Data block section start
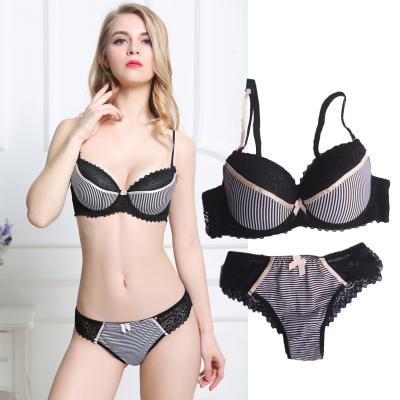 China Elegant Hot Sale Bra And Panty Sets Women Antibacterial Lace Up Princess Satin Bowknot Big Size Bra for sale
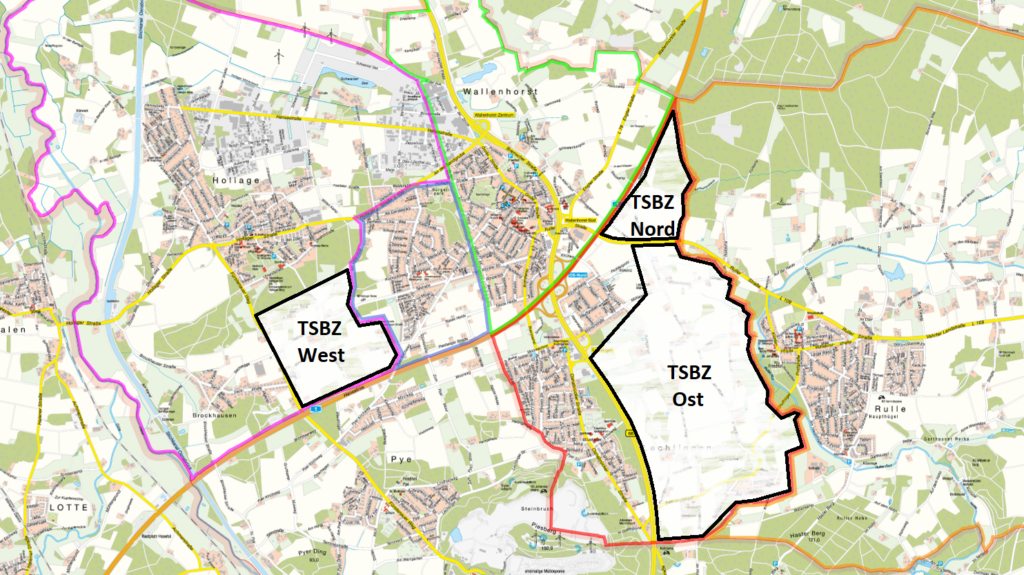 Die zusätzlichen Teilschulbezirke nach dem angenommenen Vorschlag der FDP. Karte: FDP Wallenhorst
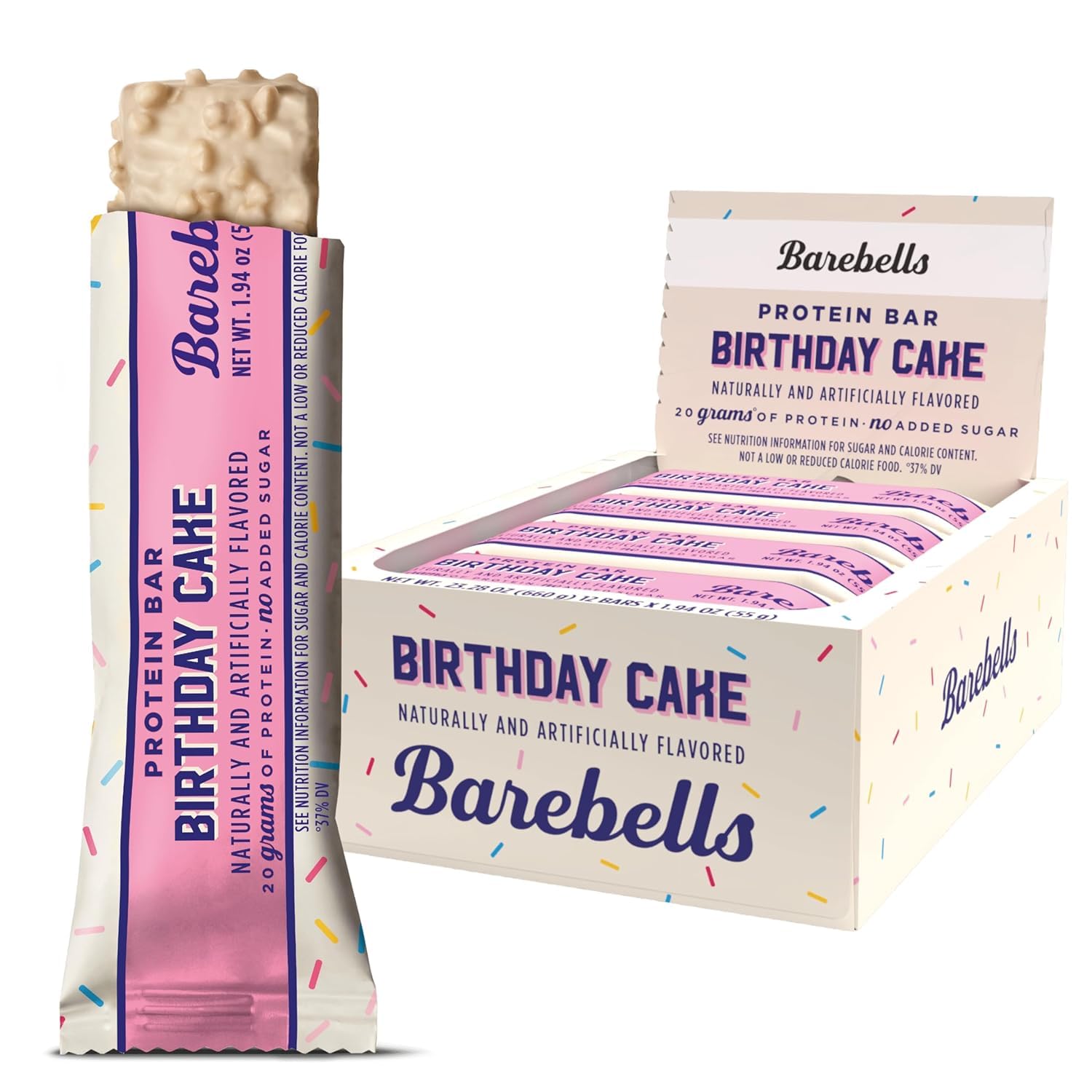 Barebells Protein Bar Birthday Cake 20g Protein 12 Bars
Data block section end
Problem to solve:
Write out the data once more exactly, omitting the pictures.

Exercise answer:
 China Elegant Hot Sale Bra And Panty Sets Women Antibacterial Lace Up Princess Satin Bowknot Big Size Bra for sale
 Die zusätzlichen Teilschulbezirke nach dem angenommenen Vorschlag der FDP. Karte: FDP Wallenhorst
 Barebells Protein Bar Birthday Cake 20g Protein 12 Bars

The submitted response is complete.